(Brief descriptive captions)
___
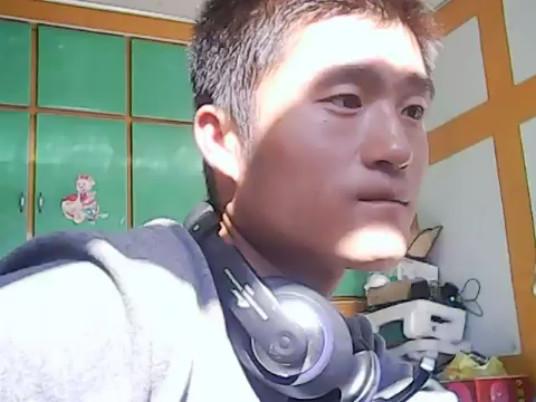 會(huì)員64176674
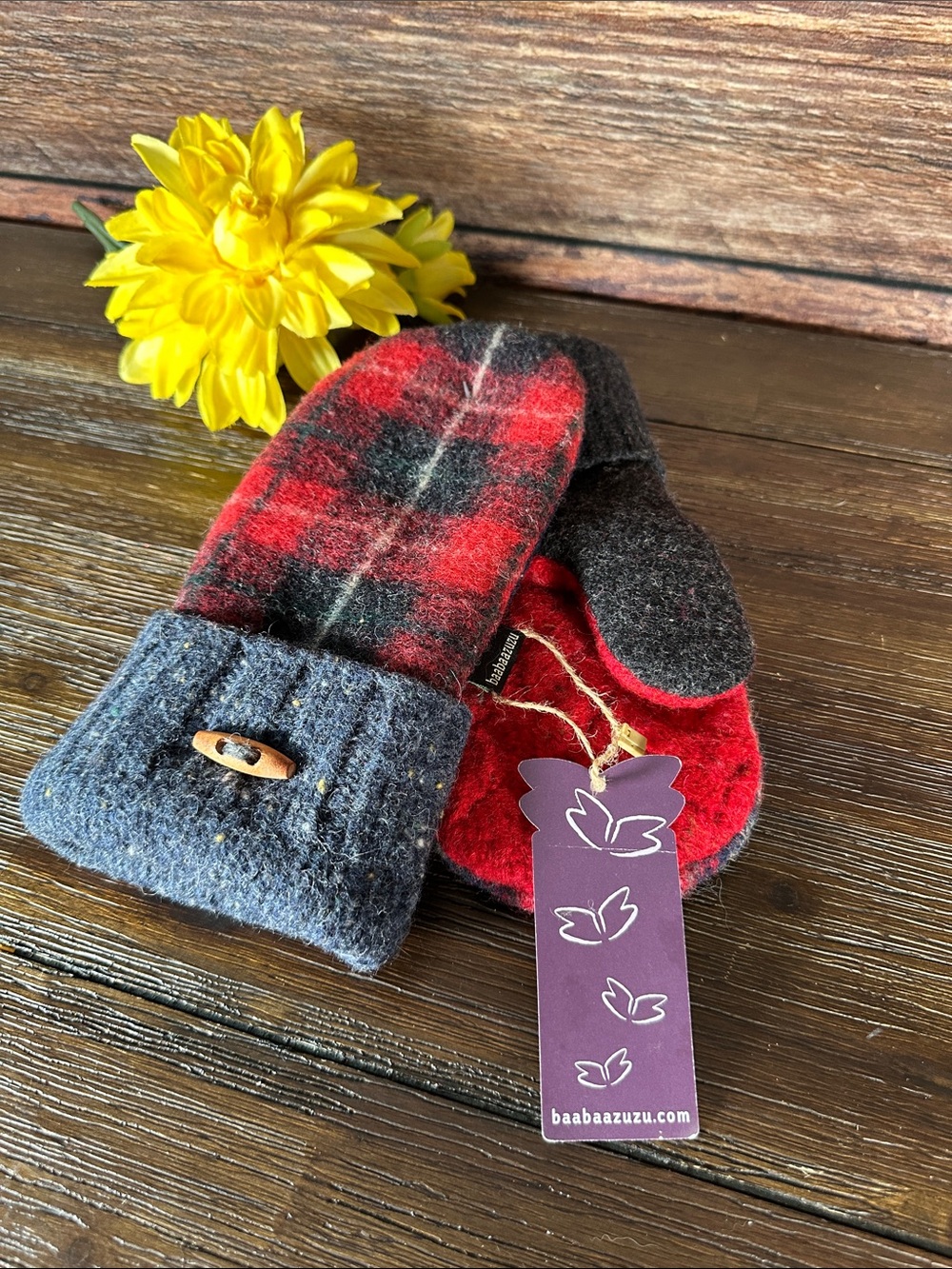 Baabaazuzu Plaid Button Cuff Mittens - Red & Gray reverse color Pattern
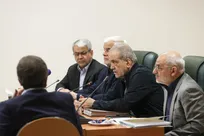 پزشکیان: در بازسازی زیرساخت‌ها، بهترین فناوری‌ها و شیوه‌های نوین را به کار بگیرید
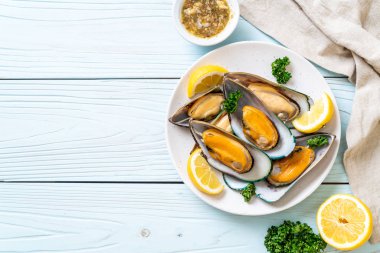 deniz ürünleri midye maydanoz ve limon ile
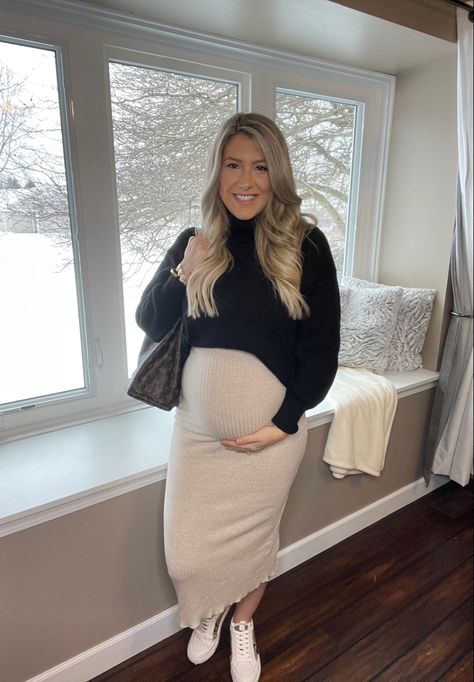 Winter Outfits While Pregnant, Maternity Sweater Over Dress, Maternity Work Clothes Winter, Maternity Fall Outfits Work, Maternity Court Outfit, Dress With Sweater Over It Pregnant, Maternity Bodycon Dress Outfits Winter, Maternity Concert Outfit Winter, Bump Friendly Christmas Outfit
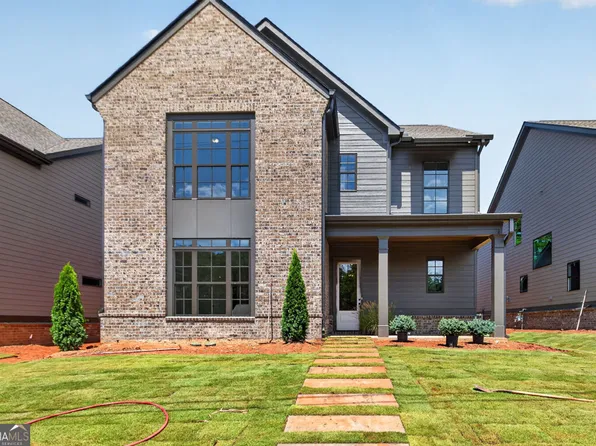 5812 Mitchell St, Flowery Branch, GA 30542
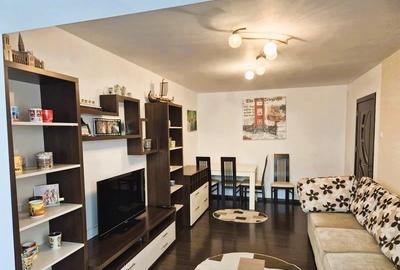 Apartament cu 4 camere decomandat, mobilat în Astra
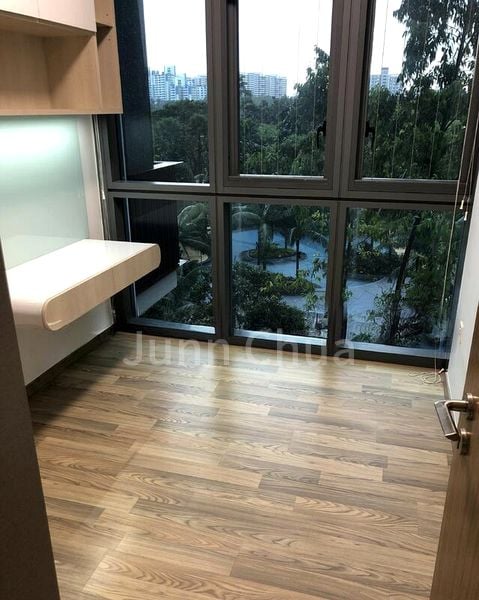 4 Bed Condo for Rent in  Lakeville - Image 1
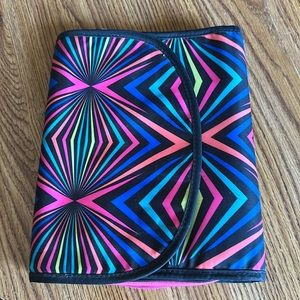 Kestrel makeup bag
___
__What the exercise asks__
Would you write out all of the data exactly as it stands, without the pictures?

__Written response__
 會(huì)員64176674
 Baabaazuzu Plaid Button Cuff Mittens - Red & Gray reverse color Pattern
 پزشکیان: در بازسازی زیرساخت‌ها، بهترین فناوری‌ها و شیوه‌های نوین را به کار بگیرید
 deniz ürünleri midye maydanoz ve limon ile
 Winter Outfits While Pregnant, Maternity Sweater Over Dress, Maternity Work Clothes Winter, Maternity Fall Outfits Work, Maternity Court Outfit, Dress With Sweater Over It Pregnant, Maternity Bodycon Dress Outfits Winter, Maternity Concert Outfit Winter, Bump Friendly Christmas Outfit
 5812 Mitchell St, Flowery Branch, GA 30542
 Apartament cu 4 camere decomandat, mobilat în Astra
 4 Bed Condo for Rent in  Lakeville - Image 1
 Kestrel makeup bag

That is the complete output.